[ASSIGNED TASK] Transcribe only the lines in the data below falling between the line with "thumbnail image 2" and the line with "Foto 3 do(a)", including those two lines, and leave out any picture.

[MATERIAL SHOWN]

════════════════

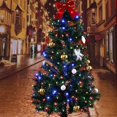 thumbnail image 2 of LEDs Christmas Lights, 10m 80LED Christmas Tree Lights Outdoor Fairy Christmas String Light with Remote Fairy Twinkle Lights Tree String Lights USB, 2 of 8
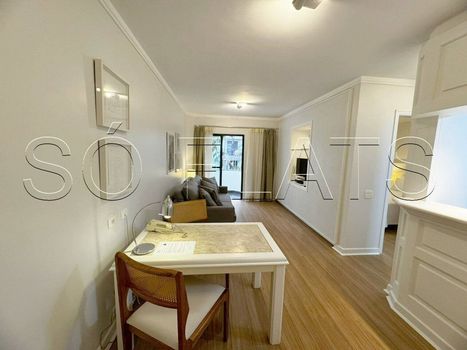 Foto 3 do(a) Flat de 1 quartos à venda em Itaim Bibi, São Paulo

════════════════

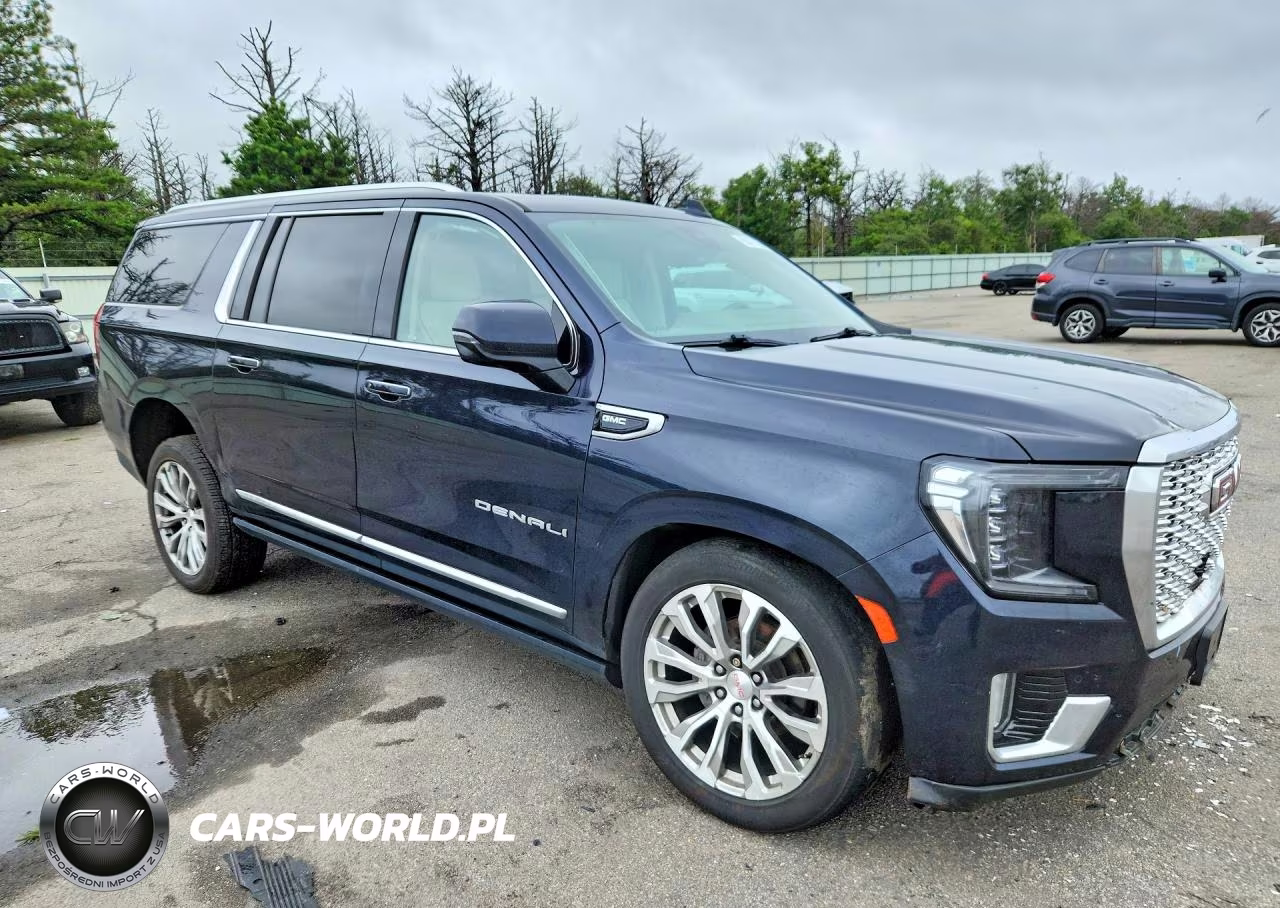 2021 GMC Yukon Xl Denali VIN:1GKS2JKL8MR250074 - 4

════════════════

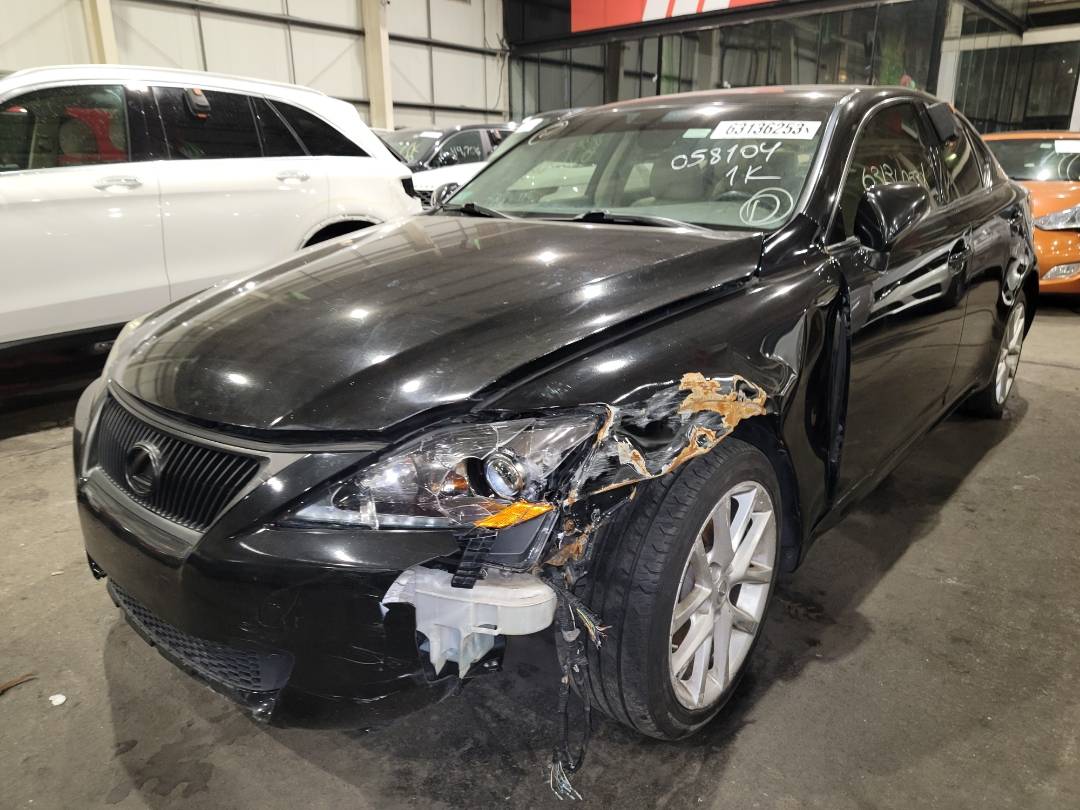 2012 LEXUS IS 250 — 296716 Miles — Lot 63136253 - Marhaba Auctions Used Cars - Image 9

════════════════

[ANSWER TO THE PROBLEM]
 thumbnail image 2 of LEDs Christmas Lights, 10m 80LED Christmas Tree Lights Outdoor Fairy Christmas String Light with Remote Fairy Twinkle Lights Tree String Lights USB, 2 of 8
 Foto 3 do(a) Flat de 1 quartos à venda em Itaim Bibi, São Paulo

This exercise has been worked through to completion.